(Work request)
For this exercise, copy exactly the lines below from the one with "Greco Hotel 2*" through the one with "Vologda. Spring day." and leave out the pictures.

(Exercise materials)

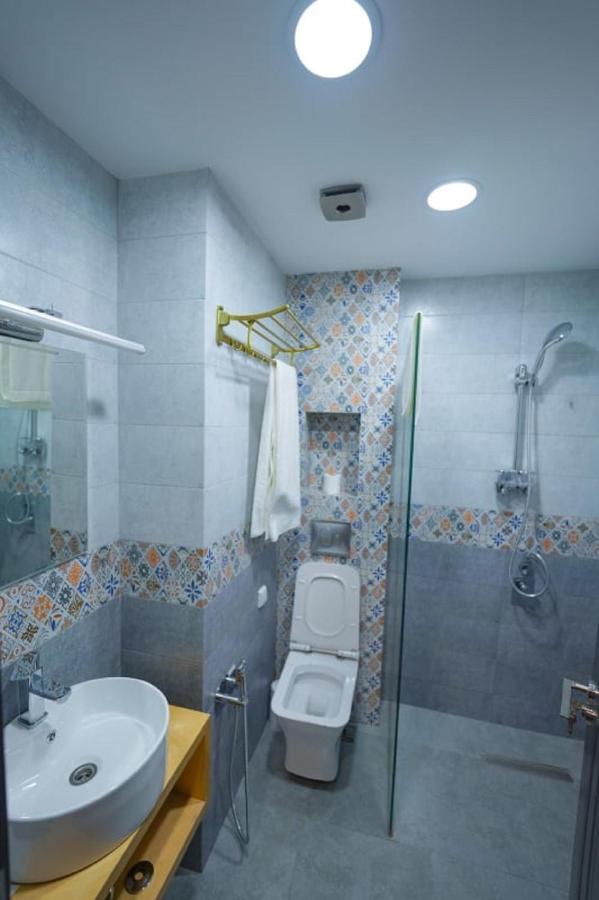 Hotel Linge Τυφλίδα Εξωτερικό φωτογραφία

...

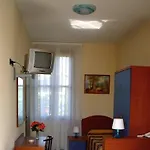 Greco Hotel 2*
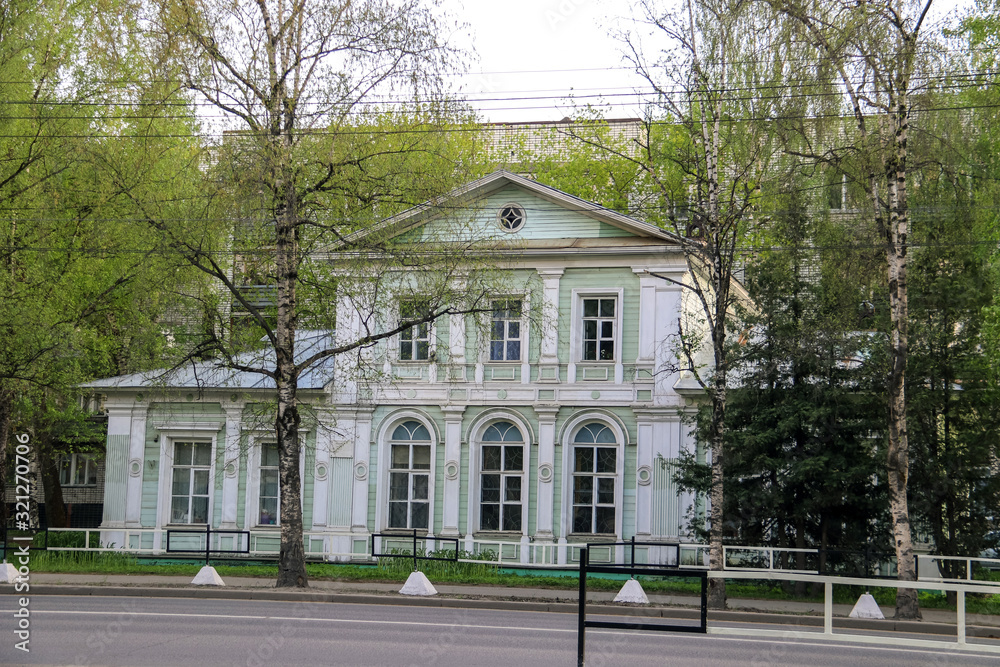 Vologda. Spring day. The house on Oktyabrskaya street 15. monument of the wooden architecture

--

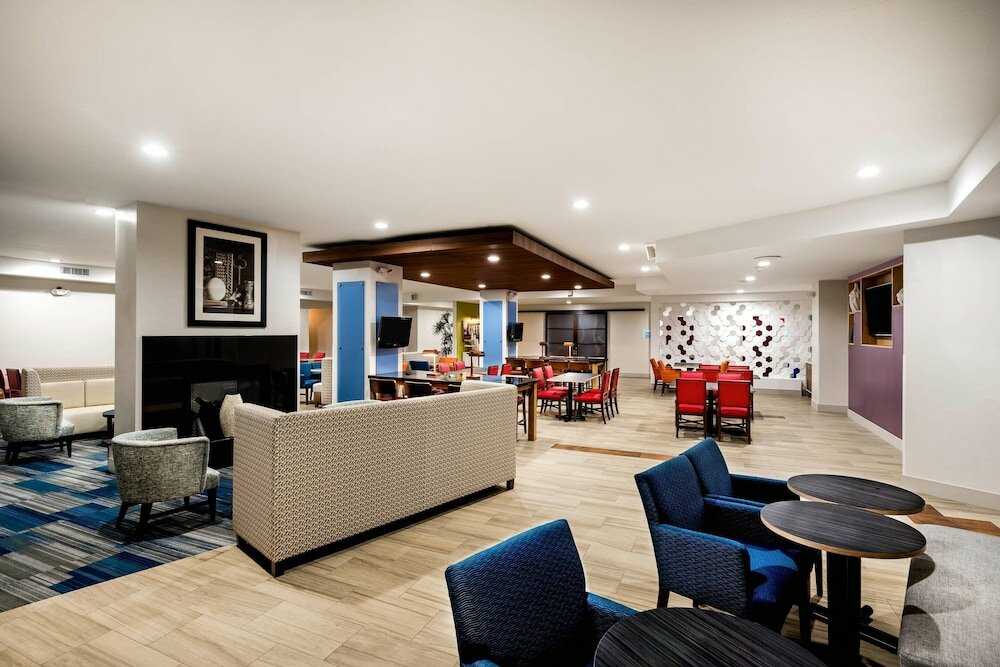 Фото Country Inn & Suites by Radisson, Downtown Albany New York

(Exercise result)
 Greco Hotel 2*
 Vologda. Spring day. The house on Oktyabrskaya street 15. monument of the wooden architecture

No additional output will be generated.